Now here's why this matters in practice. Let's say you deploy a complaint classifier and the business rule is: only automatically route complaints to the right department when the model is at least 80% confident. If the model is well-calibrated, that's a sensible policy. 80% confidence means 80% accuracy — you'll route most things correctly and flag the uncertain ones for human review. But if the model is overconfident, that threshold is completely meaningless. The model is saying 80% for predictions it gets wrong nearly half the time. You'd be auto-routing tons of complaints to the wrong department, and you'd have no idea because the confidence numbers look great. Miscalibration turns every probability threshold into a lie. And in production systems, people set thresholds constantly — for routing, for escalation, for alerting. If those probabilities aren't calibrated, none of those thresholds do what you think they do.

How do we actually see whether a model is calibrated? The standard visualization is called a reliability diagram — sometimes called a calibration plot. Here's how it works. You take all your predictions and group them into bins by predicted confidence. So one bin has all predictions where the model said between 0 and 10% confident, another bin for 10 to 20%, and so on. For each bin, you compute the actual accuracy — what fraction of those predictions were actually correct. Then you plot predicted confidence on the x-axis and actual accuracy on the y-axis. If your model is perfectly calibrated, you get the diagonal line — every bin's actual accuracy matches the predicted confidence. In practice, an overconfident model will show a curve that falls below the diagonal at high confidence values. The model is saying 90% but the actual accuracy is only 65%. You'll build one of these in the notebook exercise.

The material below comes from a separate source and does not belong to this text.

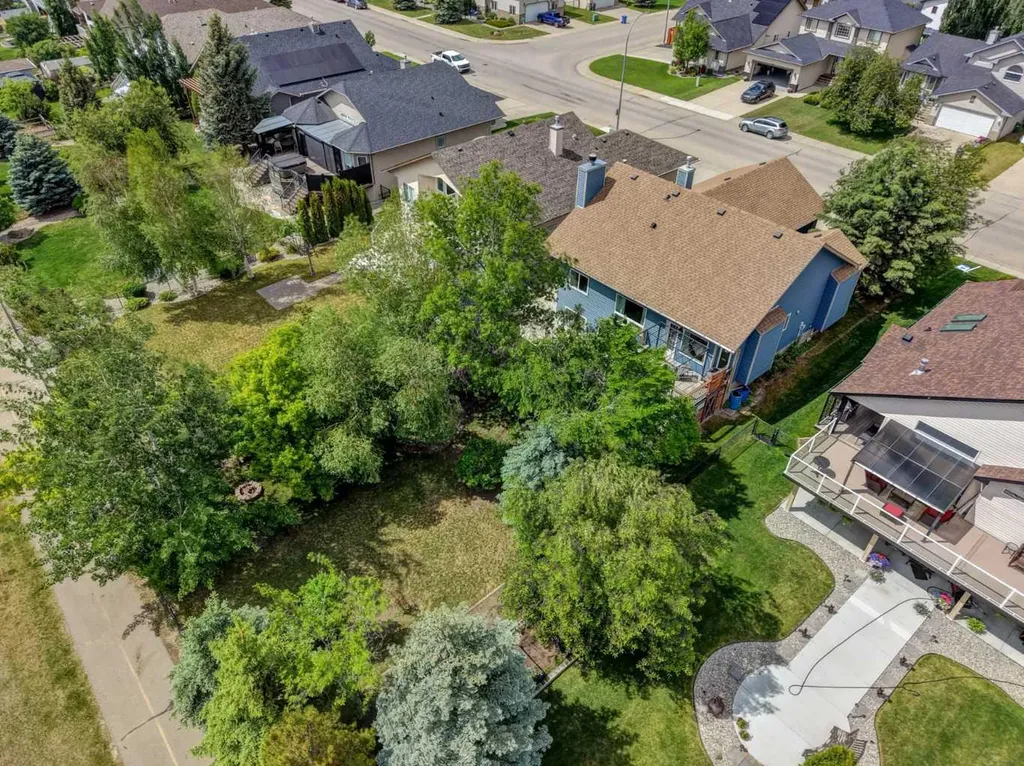 123 Hillview Road Strathmore AB T1P 1W2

Let me walk you through how to read these diagrams because you'll be building them in the notebook. If the points sit on the diagonal, you're in good shape — the model is well-calibrated. If the points fall below the diagonal at high confidence levels, the model is overconfident. It's claiming high confidence but delivering lower accuracy. If points are above the diagonal at low confidence, the model is underconfident — it's actually better than it thinks. Usually you'll also see a histogram at the bottom showing where most predictions fall. Overconfident models tend to cluster predictions at the extremes, near 0 and near 1, because they're always very sure of themselves. In the notebook you'll build reliability diagrams for two synthetic models and see these patterns firsthand.

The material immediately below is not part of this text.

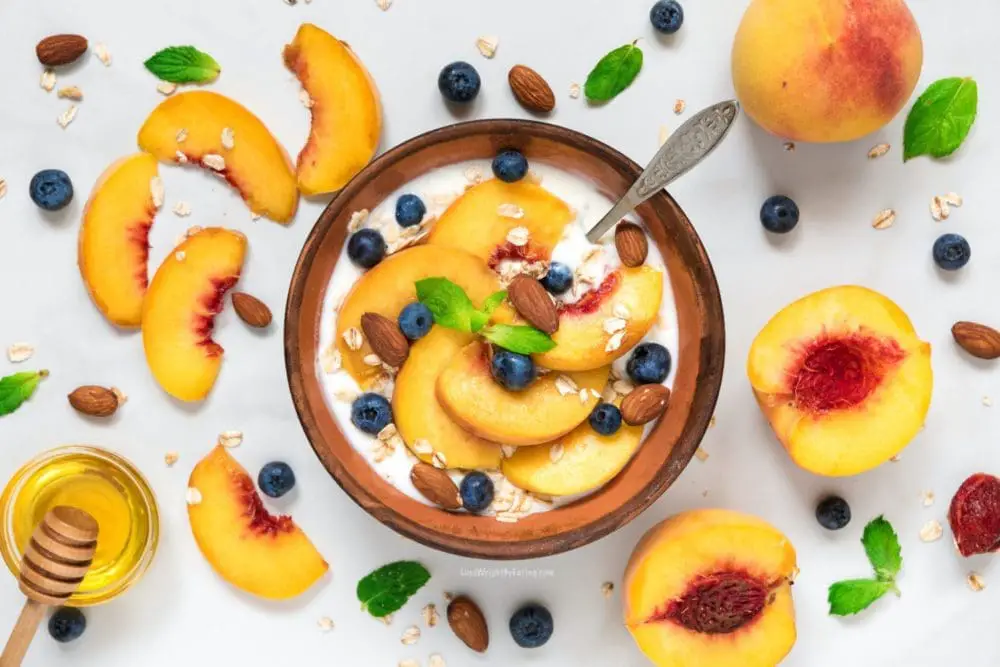 10 Breakfast Greek Yogurt Fruit Bowl Recipes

I want to be clear about scope. We are not going to fix calibration in this pre-work module. There are well-known techniques — temperature scaling, Platt scaling — that can recalibrate a model's outputs after training. We'll cover those in Week 4 when we get into post-training techniques. For now, the only goal is awareness. I want you to know that model probabilities are often unreliable. I want you to understand why that's a problem for any system that uses confidence thresholds — which is basically every production system. And I want you to be able to read a reliability diagram. That's it. If you walk away from this module a little suspicious of model confidence scores, I've done my job.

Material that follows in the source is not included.